The value of UK c-store businesses are near the bottom as a five year pattern of decline looks to have slowed, leading business agent Christie + Co said this week.
In its 2013 business outlook, the company said that an 0.9 per cent fall in average sale prices in 2012 compares to the previous year bucked the trend compared to hotels, pubs and restaurants, where it also has a leading market position.
Steve Rodell, the director who heads its retail team, suggested reasons for optimism even though the market remains polarised. Both the major supermarket companies and the co-ops are competing strongly for good c-store sites, particularly with petrol attached, and these businesses are getting good prices. Again the south east is strongest but Christie’s teams make a good case to look at the profit potential in suburban Manchester, for example.
The business outlook report tends to reflect current thinking about the market overall rather than lead thinking but this year Christie’s work on forecourts provoked some controversial headlines about the massive investment by the supermarkets. On the ground, the major wholesalers are carefully leveraging their symbol group assets, seeking to compete.
In his published report, Mr Rodell wrote that symbols “are rapidly becoming major brands in their own right, gaining better deals from suppliers and attracting more customers as a result.”
However, for many retailers their location and footfall put them outside the multiples’ ambit and the prices they can get from private buyers are further dampened by the lack of finance.
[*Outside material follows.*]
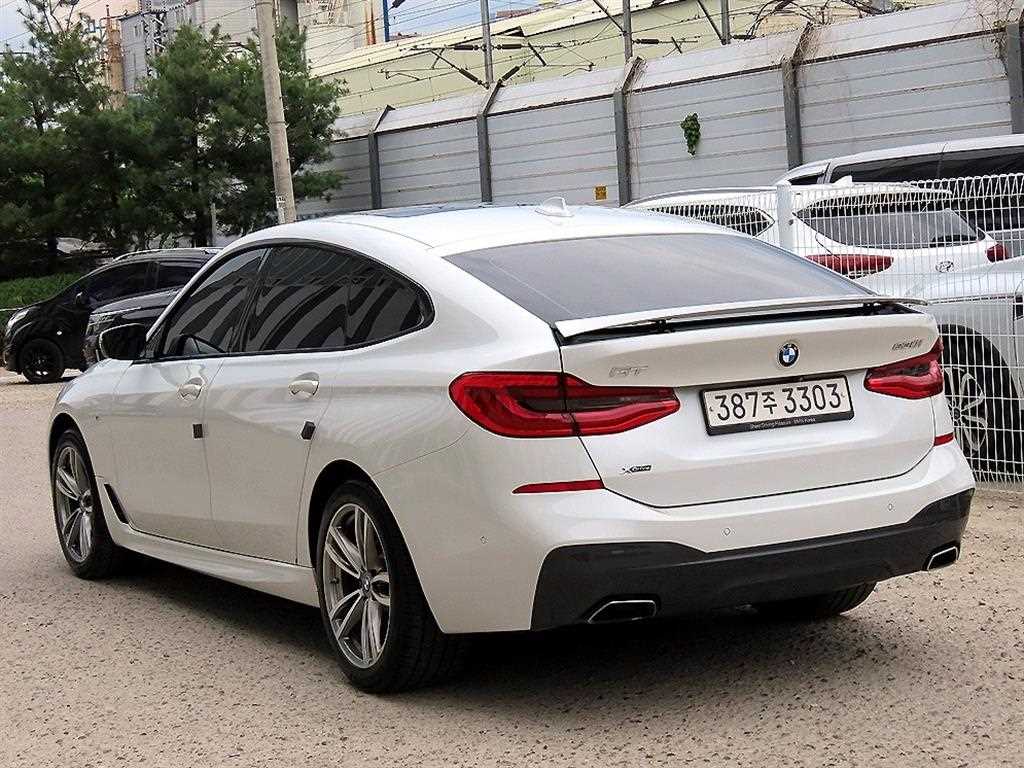 BMW Gran Turismo - Vista 3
Banks in particular are bearish on the c-store market (indeed, they are bearish on the more highly rated coffee shop market according to the team from Harris and Hoole that took money from Tesco instead!).
In the south east a proportion of businesses are changing hands through private sales from family to family or within families. Outside, Asian and similar buyers are keen to acquire shops from private sellers. Their business idea is simply that they are prepared to work harder and longer to make the shops a success.
However, some sellers with a mind to the prices they could have obtained in 2007 have been holding out and waiting for an upturn. The sentiment now is values won’t rise strongly before 2017 or 2018 and may never get back to 2007 levels for businesses that are not investing. The average price in 2012 was 18 per cent below the 2007 peak.
Mr Rodell says people in this position should speak to his team and get a fair appraisal of their business value. With regional offices and a strong commitment to talking business, Christie’s believes it can obtain the maximum value for retailers.
However, some sellers are put off because Christie’s will be honest about the business value. If they think it is £100,000, they will say it is £100,000. Mr Rodell advises retailers not to be swayed by agents who then tell the retailer they can get £175,000. Sharp practice by some agents is damaging the market, he says.
The comparatively low cost of entry to the convience market means that there are still plenty of buyers. As a result volume sales remain good, with Christie’s recording more than 9 per cent more completions in 2012 compared to the previous year.
While symbol group membership can help improve businesses, there is no automatic link to an increase in value. “An uplift in value is only driven by an uplift in trade,” says Mr Rodell. “and value is a factor of profit.”
Some retailers are astutue enough to understand which symbols work in which areas and the value added by their management skills are the most important factor. Business values at the single outlet level are driven by common sense. Retailers have to pay careful attention to rents and ensure that there is some headroom when they find a great site in case multiple competition moves in next door.